Truthfully, no. Every clown I met was awesome, hilarious, crazy, super smart, and totally different from the last. Age didn’t seem to matter. Clowning is all about being yourself and making people laugh. However, clowning is based around a rich history of clowning and theater arts. And like any theatrical art form, there are always those purists. But the the real consensus was to connect with the audience in a humanistic way, embrace your mistakes, and to spread ridiculous joy — no matter how weird or awkward that might be! Every clown has their own unique approach to clowning and to the world. So, needless to say, it made filming very interesting and memorable!

What were some of the funniest clown moments you experienced while on set?

Oh man. There were so many ridiculous moments! One favorite was working with two clown students, Leah and Alison, on our slow motion water fight scene.
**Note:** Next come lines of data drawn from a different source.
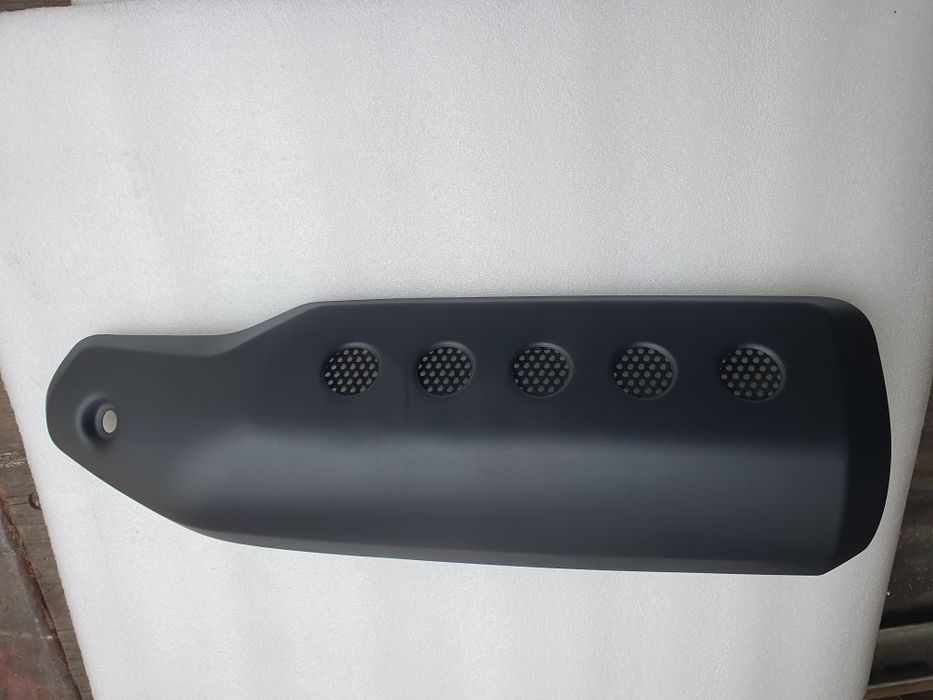 Accesorii, Honda CL 500, CMX 500, casca moto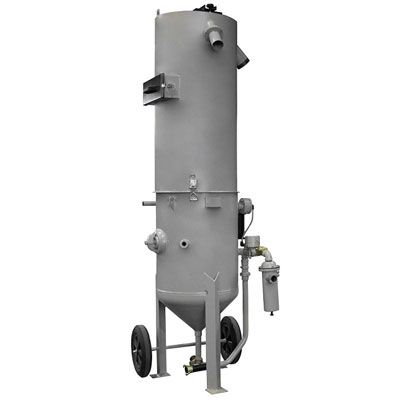 Сепаратор абразивных материалов каскадного типа для DSG - изображение 2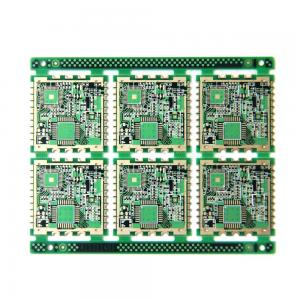China Prototype Pcb Board 8 Bit Microcontrollers Operational Amplifier Chip Logic Gates on sale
They came up with the idea of spitting water in each other’s mouths. So I was like, “Sure. Why not?” And then I made them do it three times. Each time, the spitting got more forceful with more water. The end result was really fun and kind of gross. I love it.

Another favorite was interviewing the late Joan Mankin, an incredible professional clown and renowned San Francisco actress with a very dirty mind. She told hilariously crass jokes for over an hour. She flirted with the sound guy until he blushed and left the room. She was brilliantly quick, silly, and nasty all at the same time. Wonderful. Another time, I was interviewing a group of a student clowns. I asked one particular clown a question about something I don’t remember. He responded with asking me on a date, just to see what I would do. Because that’s just what clowns do. My face turned red and we all laughed. I said “Okay. Okay, I get it…” You always have to be on your toes around the clowns!